Intervention de Jean-Yves Leconte

Réunion du 25 mai 2021 à 14h30
Suivi des condamnés terroristes sortant de détention — Adoption d'une proposition de loi dans le texte de la commission modifié

Photo de Jean-Yves LeconteJean-Yves Leconte :

Madame la présidente, monsieur le ministre, mes chers collègues, selon les chiffres qui nous ont été communiqués lors des auditions menées par Muriel Jourda, 469 personnes sont actuellement incarcérées pour des infractions terroristes, et 162 devraient sortir dans les quatre prochaines années après avoir purgé leur peine. Comment répondre à ce défi alors que, nous le savons, la prison ne permet généralement pas de sortir de l’idéologie qui peut conduire au risque terroriste ?

L’enjeu est majeur, mais nous ne pensons pas que cette proposition de loi, très proche finalement de celle qui a été censurée l’été dernier, soit la bonne réponse.

Le risque est multiplié pour les sorties « sèches », ce qui sera le cas de 75 % environ des prochaines libérations. Rappelons qu’en 2016, à l’occasion d’une prorogation de l’état d’urgence et sur l’initiative de la majorité sénatoriale, les personnes condamnées pour terrorisme ont été exclues des crédits de réduction de peine.

Le rapporteur de la commission des lois, Muriel Jourda, a fait tout son possible pour adapter le texte aux exigences de la décision du Conseil constitutionnel du 7 août 2020 et éviter qu’il n’entre en concurrence avec les Micas, en supprimant notamment l’obligation de pointage. Malheureusement, à notre sens, ses efforts ne suffisent pas à rendre acceptable cette proposition de loi.

Peut-on parler de proportionnalité lorsqu’une mesure de contrainte est susceptible de durer pendant un temps égal à la moitié de la peine déjà effectuée ?

En l’absence d’infraction, la responsabilité de la lutte contre le terrorisme doit relever du seul pouvoir exécutif, qui doit pouvoir prendre les mesures administratives adéquates.
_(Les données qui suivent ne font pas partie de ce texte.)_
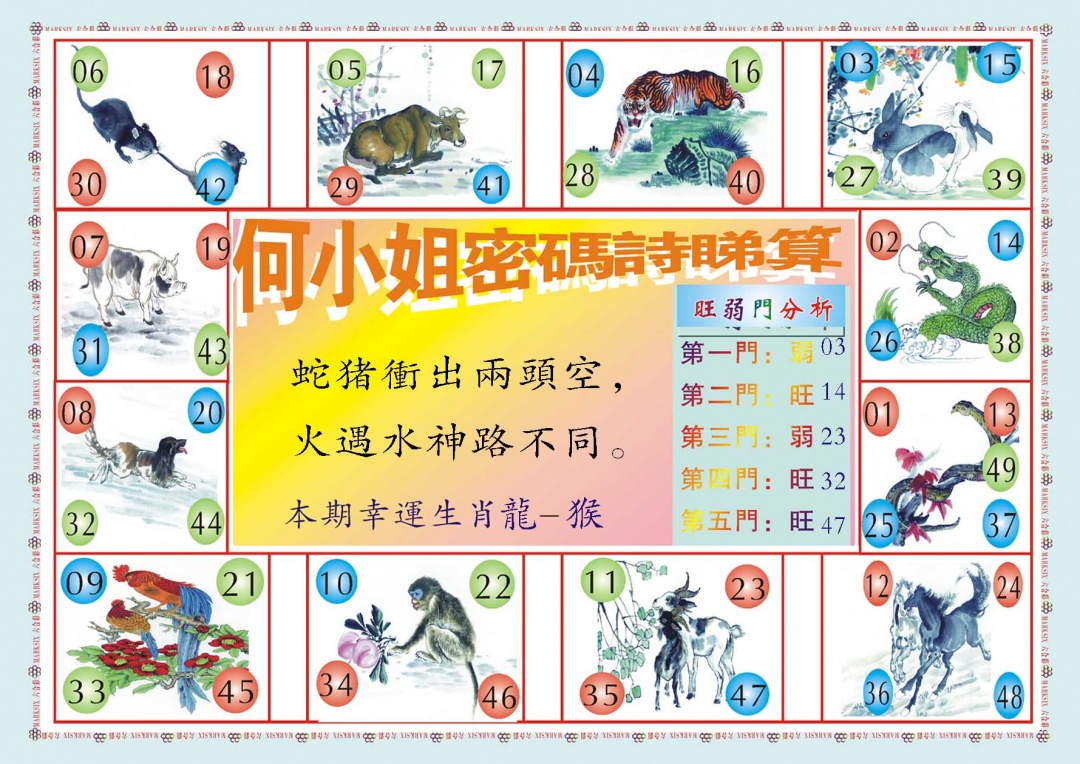 035期何小姐内部传真B[图]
En revanche, dès qu’un crime ou un délit est commis, il revient au parquet national antiterroriste de conduire les opérations.

Le groupe socialiste est opposé à ce texte pour des raisons de principe et d’efficacité.

Par principe, nous refusons la rétroactivité du droit et affirmons qu’il ne saurait y avoir de peine après la peine. Par ailleurs, une personne ne peut être condamnée que sur le fondement de ses actes, et non pour ce qu’elle est.

La liste des contraintes autorisées par cette proposition de loi donne le sentiment d’une sorte de mélange avec les mesures de sûreté, par ailleurs vivement critiquées, prises à l’encontre des anciens délinquants sexuels sur le fondement de l’article 132-45 du code pénal. C’est aussi la juridiction de la rétention de sûreté qui se prononcera, mais, pour les anciens délinquants sexuels, elle statue sur la base d’expertises médicales totalement inadéquates pour les anciens condamnés terroristes.

On a l’impression que, pour répondre à une inquiétude, on est allé chercher dans le code pénal des dispositions qui ne sont pas vraiment adaptées.

Nous sommes également opposés au texte pour des raisons d’efficacité. Pourquoi traiter différemment une personne dangereuse selon qu’elle sort ou non de prison ? Si des dispositions sont utiles en matière de prévention, elles doivent pouvoir s’appliquer à tous.

Vous avez évoqué, monsieur le garde des sceaux, une sorte de compétition entre la juridiction régionale de la rétention de sûreté (JRRS), qui se prononcerait sur ces nouvelles mesures, et la justice administrative, qui pourrait notamment se prononcer sur la justification d’un pointage décidé par l’autorité administrative. Ce télescopage pose problème et fragilise l’ensemble du dispositif.

Si la justice judiciaire se prononce contre des mesures de sûreté, peut-on imaginer que l’autorité administrative prenne ensuite des Micas ? C’est un problème au regard de notre capacité à prévenir les actes terroristes.

Il n’est pas souhaitable d’instaurer la moindre confusion ni la moindre compétition entre la JRRS et les juridictions administratives. Il n’est pas souhaitable non plus de partager la responsabilité de la prévention des actes terroristes. C’est pourquoi nous sommes opposés à ce texte, dont les dispositions trouveraient d’ailleurs mieux à s’insérer dans le code de la sécurité intérieure que dans le code pénal.